1.8
- Each row of the data matrix represents the smoking habits of an individual person in the UK.
- 1691 participants were included in the survey.
- sex: Categorical, non-ordinal
age: numerical, discrete
marital: Categorical, non-ordinal
grossIncome: Categorical, ordinal
smoke: Categorical, non-ordinal
amtWeekends: Numerical, discrete
amtWeekdays: Numerical, discrete
1.10
- Population: All children
Sample: 160 children between the ages of 5 and 15
- We haven’t been given any information on how the children were sampled from the population, therefore we can’t make the determination of whether or not the results of the study can be generalized to the population. That being said, since this is an experiment, we can certainly evaluate whether there is a causal relationship between the variables.
1.28
- No, we cannot infer causation from this observational study. While the variables may be associated, association <> causation. We can only infer causation from a randomized experiment, which this was not.
- No, this statement is not justified. Sleep disorders do not cause children to bully. The best way to describe the conclusion from this study is that there is a correlation between sleep disorders and behavioral issues.
1.36
- This is an experiment.
- The treament group is comprised of the individuals instructed to exercise twice per week. The control group is comprised of the individuals instructed not to exercise.
- The study does make use of blocking by samping from the various age groups. The blocking variable is age.
- This study does not make sure of blinding, because it is very clear to the participants whether they are exercising or not.
- All necessary precautions have been taken in order to determine whether or not there is a causal relationship between exercise and mental health. Random sampling and random assignment to groups was implemented. For this reason, the results could be generalized to the population at large.
- My first reservation would be that twice a week doesn’t seem like enough to produce noticable effects in mental health - but that comes from personal experience. I also feel that by notifying the control group that they are not allowed to exercise, it tips them off to the purpose of the study and can influence their results.
1.48
x = c(57,66,69,71,72,73,74,77,78,78,79,79,81,81,82,83,83,88,89,94)
df = data.frame(x)
summary(df)
## x
## Min. :57.00
## 1st Qu.:72.75
## Median :78.50
## Mean :77.70
## 3rd Qu.:82.25
## Max. :94.00
boxplot(df, main = "Box Plot Distribution of Statistics Final Exam Scores", ylab = "Final Exam Scores")
#### 1.50 a) This is a unimodal distribution with is fairly normal, centered somewhere around 50. The #2 boxplot would be the match for this.
This is a multimodal distribution. The #3 box plot would be the match for this. You can see how widely the data are distributed here.
This is another unimodal right skewed distribution.
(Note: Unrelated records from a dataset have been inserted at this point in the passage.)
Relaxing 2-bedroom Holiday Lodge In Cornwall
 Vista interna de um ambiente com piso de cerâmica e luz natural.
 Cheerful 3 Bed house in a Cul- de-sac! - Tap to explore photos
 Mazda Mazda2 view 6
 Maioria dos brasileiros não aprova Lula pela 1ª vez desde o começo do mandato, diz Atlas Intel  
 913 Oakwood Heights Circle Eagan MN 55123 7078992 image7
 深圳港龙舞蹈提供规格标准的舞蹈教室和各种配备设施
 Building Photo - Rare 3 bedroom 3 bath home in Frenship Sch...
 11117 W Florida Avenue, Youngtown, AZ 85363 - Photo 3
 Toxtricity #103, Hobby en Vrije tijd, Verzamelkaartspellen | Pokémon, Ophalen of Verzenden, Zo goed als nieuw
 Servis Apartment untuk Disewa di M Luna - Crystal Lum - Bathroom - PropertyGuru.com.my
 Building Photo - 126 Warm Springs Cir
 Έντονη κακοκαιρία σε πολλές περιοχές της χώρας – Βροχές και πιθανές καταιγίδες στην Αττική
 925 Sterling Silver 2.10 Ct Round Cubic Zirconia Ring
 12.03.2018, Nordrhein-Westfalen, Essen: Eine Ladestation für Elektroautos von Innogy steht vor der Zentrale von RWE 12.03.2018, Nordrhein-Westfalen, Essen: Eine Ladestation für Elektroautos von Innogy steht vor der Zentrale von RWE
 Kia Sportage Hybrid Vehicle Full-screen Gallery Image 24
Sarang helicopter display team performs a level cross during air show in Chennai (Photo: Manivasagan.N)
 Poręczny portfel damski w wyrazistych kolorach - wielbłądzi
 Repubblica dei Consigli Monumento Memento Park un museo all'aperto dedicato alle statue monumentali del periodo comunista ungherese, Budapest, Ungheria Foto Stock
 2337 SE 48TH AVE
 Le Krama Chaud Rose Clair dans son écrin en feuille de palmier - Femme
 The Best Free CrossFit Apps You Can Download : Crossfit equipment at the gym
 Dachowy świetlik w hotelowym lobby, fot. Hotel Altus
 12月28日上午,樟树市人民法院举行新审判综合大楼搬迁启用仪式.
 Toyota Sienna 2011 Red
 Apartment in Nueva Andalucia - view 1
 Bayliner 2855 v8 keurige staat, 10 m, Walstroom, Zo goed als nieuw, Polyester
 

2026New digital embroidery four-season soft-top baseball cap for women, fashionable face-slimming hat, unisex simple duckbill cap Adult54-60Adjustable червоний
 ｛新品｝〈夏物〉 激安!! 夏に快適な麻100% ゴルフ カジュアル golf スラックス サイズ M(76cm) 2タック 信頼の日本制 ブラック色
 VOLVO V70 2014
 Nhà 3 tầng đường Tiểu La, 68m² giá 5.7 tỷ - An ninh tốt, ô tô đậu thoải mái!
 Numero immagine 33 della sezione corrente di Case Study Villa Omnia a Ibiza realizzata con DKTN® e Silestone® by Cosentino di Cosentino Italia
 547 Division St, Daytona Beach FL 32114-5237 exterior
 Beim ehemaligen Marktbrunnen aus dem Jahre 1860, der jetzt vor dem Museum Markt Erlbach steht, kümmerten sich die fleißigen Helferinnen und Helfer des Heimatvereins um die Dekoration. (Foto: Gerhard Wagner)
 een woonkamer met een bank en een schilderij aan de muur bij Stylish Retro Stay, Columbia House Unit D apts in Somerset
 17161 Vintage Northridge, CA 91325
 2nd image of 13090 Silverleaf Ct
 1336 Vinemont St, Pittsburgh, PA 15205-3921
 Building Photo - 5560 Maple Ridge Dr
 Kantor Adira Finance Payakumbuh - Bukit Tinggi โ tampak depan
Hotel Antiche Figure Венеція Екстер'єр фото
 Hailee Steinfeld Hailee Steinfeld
The #1 box plot would be the match for this.
1.56
- Symmetric, left, or right?
I would expect this distribution to be left skewed.
Mean or median?
We should use the median, since this data is not symmetric/normally distributed.
Standard deviation or IQR?
Since we are focusing on the median above, we should use the IQR here since it is based around that.
- Symmetric, left, or right?
I would expect this distribution to be left skewed.
Mean or median?
We should use the median, since this data is not symmetric/normally distributed.
Standard deviation or IQR?
Since we are focusing on the median above, we should use the IQR here since it is based around that.
- Symmetric, left, or right?
I would think this would be pretty symmetric - with the data normally distributed, thinning out on both ends around no drinks and a high number of drinks.
Mean or median?
We would want to use the mean here since the data is symmetric.
Standard deviation or IQR?
Since we are focusing on the mean above, we should use the standard deviation here since it takes all data points into account and is more conclusive.
- Symmetric, left, or right? I think this would be right skewed - with the majority of people huddling around a certain section of the distribution, and then trailing off on the higher salaries, with the small number of CEOs included in the data.
Mean or median?
We would want to use the median here since the data is not symmetric.
Standard deviation or IQR?
Since we are focusing on the median above, we should use the IQR here since it is based around that.
1.70
- No, I would say there is a large causal relationship between treatment and survival because there is a significant difference between the control and treatment groups.
- The box plots suggest that the heart transplant treatment was wildly successful, extending survival time dramatically for the participants in the treatment group.
- I would say that about 16% of the participants in the control group are alive, and about 84% are dead. I would say that about one third of participants in the treatment group are alive, and about two thirds of them are dead. With this, you could say that there are twice as many people alive in the treatment group as in the control group.
- i.
The claims being tested are whether an experimental heart transplant increased lifespan.
ii.
49
151
100
100
-0.025
Normally distributed
iii.
It is unlikely to have observed the differences due to chance. We should reject the hull hypothesis and accept the alternative. We have sufficient evidence to conclude that the transplant program is effective.